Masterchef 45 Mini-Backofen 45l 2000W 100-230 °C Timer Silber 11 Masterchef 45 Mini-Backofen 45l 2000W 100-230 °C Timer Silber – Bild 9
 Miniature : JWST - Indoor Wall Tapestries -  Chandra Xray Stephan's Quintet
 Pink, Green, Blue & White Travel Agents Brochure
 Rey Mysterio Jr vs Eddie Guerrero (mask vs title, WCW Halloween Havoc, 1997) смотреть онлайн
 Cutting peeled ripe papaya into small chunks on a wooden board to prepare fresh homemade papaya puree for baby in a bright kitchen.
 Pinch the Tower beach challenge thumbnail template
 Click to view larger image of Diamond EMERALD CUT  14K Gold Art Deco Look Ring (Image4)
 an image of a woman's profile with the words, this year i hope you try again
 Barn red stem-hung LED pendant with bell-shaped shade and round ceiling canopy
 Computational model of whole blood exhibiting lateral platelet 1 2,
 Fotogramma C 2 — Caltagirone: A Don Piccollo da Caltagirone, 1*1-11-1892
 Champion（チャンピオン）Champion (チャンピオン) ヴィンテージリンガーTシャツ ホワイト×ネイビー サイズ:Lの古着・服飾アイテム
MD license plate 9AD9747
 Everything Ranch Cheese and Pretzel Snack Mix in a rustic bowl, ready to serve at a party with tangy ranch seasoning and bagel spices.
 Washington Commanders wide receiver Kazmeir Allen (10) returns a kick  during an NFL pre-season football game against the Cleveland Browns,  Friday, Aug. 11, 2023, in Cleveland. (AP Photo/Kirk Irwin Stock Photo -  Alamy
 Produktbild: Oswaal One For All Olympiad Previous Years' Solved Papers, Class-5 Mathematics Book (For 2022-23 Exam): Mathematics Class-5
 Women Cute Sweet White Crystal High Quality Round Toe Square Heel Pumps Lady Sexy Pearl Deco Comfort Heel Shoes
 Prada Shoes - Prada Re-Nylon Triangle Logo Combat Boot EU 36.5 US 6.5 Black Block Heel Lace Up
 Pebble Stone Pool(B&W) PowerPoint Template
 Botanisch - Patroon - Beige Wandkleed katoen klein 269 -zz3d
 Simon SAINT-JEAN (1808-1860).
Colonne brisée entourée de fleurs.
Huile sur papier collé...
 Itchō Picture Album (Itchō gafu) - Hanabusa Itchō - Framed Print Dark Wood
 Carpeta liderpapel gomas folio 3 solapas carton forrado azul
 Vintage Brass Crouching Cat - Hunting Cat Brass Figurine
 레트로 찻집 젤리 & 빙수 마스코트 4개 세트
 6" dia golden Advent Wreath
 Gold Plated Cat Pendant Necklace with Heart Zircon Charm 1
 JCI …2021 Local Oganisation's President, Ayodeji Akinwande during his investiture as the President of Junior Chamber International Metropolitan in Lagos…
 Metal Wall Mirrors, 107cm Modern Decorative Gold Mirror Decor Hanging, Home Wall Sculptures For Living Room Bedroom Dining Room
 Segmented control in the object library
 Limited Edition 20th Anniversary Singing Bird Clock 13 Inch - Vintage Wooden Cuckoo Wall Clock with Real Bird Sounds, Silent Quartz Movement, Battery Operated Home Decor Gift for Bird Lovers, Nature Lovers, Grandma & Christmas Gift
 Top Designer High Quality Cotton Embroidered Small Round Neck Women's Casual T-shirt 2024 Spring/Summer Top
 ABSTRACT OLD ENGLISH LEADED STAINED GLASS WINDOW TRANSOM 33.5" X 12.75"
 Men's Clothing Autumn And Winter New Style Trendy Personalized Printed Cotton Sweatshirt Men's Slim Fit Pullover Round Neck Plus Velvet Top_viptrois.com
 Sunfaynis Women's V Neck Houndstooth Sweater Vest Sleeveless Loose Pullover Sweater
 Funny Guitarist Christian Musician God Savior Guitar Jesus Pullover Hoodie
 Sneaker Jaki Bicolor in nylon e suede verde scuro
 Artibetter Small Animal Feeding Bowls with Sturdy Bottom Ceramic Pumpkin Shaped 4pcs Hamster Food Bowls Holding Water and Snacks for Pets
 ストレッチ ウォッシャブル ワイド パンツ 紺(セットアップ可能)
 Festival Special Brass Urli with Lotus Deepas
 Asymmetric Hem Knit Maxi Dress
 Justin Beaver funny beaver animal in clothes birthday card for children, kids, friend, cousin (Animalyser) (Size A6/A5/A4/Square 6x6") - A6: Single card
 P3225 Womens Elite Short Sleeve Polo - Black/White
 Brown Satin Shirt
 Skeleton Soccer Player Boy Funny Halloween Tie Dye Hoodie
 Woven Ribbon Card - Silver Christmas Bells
* * * * *
Exercise objective
Using the data above, return each line exactly as written.

Answer box
Masterchef 45 Mini-Backofen 45l 2000W 100-230 °C Timer Silber 11 Masterchef 45 Mini-Backofen 45l 2000W 100-230 °C Timer Silber – Bild 9
 Miniature : JWST - Indoor Wall Tapestries -  Chandra Xray Stephan's Quintet
 Pink, Green, Blue & White Travel Agents Brochure
 Rey Mysterio Jr vs Eddie Guerrero (mask vs title, WCW Halloween Havoc, 1997) смотреть онлайн
 Cutting peeled ripe papaya into small chunks on a wooden board to prepare fresh homemade papaya puree for baby in a bright kitchen.
 Pinch the Tower beach challenge thumbnail template
 Click to view larger image of Diamond EMERALD CUT  14K Gold Art Deco Look Ring (Image4)
 an image of a woman's profile with the words, this year i hope you try again
 Barn red stem-hung LED pendant with bell-shaped shade and round ceiling canopy
 Computational model of whole blood exhibiting lateral platelet 1 2,
 Fotogramma C 2 — Caltagirone: A Don Piccollo da Caltagirone, 1*1-11-1892
 Champion（チャンピオン）Champion (チャンピオン) ヴィンテージリンガーTシャツ ホワイト×ネイビー サイズ:Lの古着・服飾アイテム
MD license plate 9AD9747
 Everything Ranch Cheese and Pretzel Snack Mix in a rustic bowl, ready to serve at a party with tangy ranch seasoning and bagel spices.
 Washington Commanders wide receiver Kazmeir Allen (10) returns a kick  during an NFL pre-season football game against the Cleveland Browns,  Friday, Aug. 11, 2023, in Cleveland. (AP Photo/Kirk Irwin Stock Photo -  Alamy
 Produktbild: Oswaal One For All Olympiad Previous Years' Solved Papers, Class-5 Mathematics Book (For 2022-23 Exam): Mathematics Class-5
 Women Cute Sweet White Crystal High Quality Round Toe Square Heel Pumps Lady Sexy Pearl Deco Comfort Heel Shoes
 Prada Shoes - Prada Re-Nylon Triangle Logo Combat Boot EU 36.5 US 6.5 Black Block Heel Lace Up
 Pebble Stone Pool(B&W) PowerPoint Template
 Botanisch - Patroon - Beige Wandkleed katoen klein 269 -zz3d
 Simon SAINT-JEAN (1808-1860).
Colonne brisée entourée de fleurs.
Huile sur papier collé...
 Itchō Picture Album (Itchō gafu) - Hanabusa Itchō - Framed Print Dark Wood
 Carpeta liderpapel gomas folio 3 solapas carton forrado azul
 Vintage Brass Crouching Cat - Hunting Cat Brass Figurine
 레트로 찻집 젤리 & 빙수 마스코트 4개 세트
 6" dia golden Advent Wreath
 Gold Plated Cat Pendant Necklace with Heart Zircon Charm 1
 JCI …2021 Local Oganisation's President, Ayodeji Akinwande during his investiture as the President of Junior Chamber International Metropolitan in Lagos…
 Metal Wall Mirrors, 107cm Modern Decorative Gold Mirror Decor Hanging, Home Wall Sculptures For Living Room Bedroom Dining Room
 Segmented control in the object library
 Limited Edition 20th Anniversary Singing Bird Clock 13 Inch - Vintage Wooden Cuckoo Wall Clock with Real Bird Sounds, Silent Quartz Movement, Battery Operated Home Decor Gift for Bird Lovers, Nature Lovers, Grandma & Christmas Gift
 Top Designer High Quality Cotton Embroidered Small Round Neck Women's Casual T-shirt 2024 Spring/Summer Top
 ABSTRACT OLD ENGLISH LEADED STAINED GLASS WINDOW TRANSOM 33.5" X 12.75"
 Men's Clothing Autumn And Winter New Style Trendy Personalized Printed Cotton Sweatshirt Men's Slim Fit Pullover Round Neck Plus Velvet Top_viptrois.com
 Sunfaynis Women's V Neck Houndstooth Sweater Vest Sleeveless Loose Pullover Sweater
 Funny Guitarist Christian Musician God Savior Guitar Jesus Pullover Hoodie
 Sneaker Jaki Bicolor in nylon e suede verde scuro
 Artibetter Small Animal Feeding Bowls with Sturdy Bottom Ceramic Pumpkin Shaped 4pcs Hamster Food Bowls Holding Water and Snacks for Pets
 ストレッチ ウォッシャブル ワイド パンツ 紺(セットアップ可能)
 Festival Special Brass Urli with Lotus Deepas
 Asymmetric Hem Knit Maxi Dress
 Justin Beaver funny beaver animal in clothes birthday card for children, kids, friend, cousin (Animalyser) (Size A6/A5/A4/Square 6x6") - A6: Single card
 P3225 Womens Elite Short Sleeve Polo - Black/White
 Brown Satin Shirt
 Skeleton Soccer Player Boy Funny Halloween Tie Dye Hoodie
 Woven Ribbon Card - Silver Christmas Bells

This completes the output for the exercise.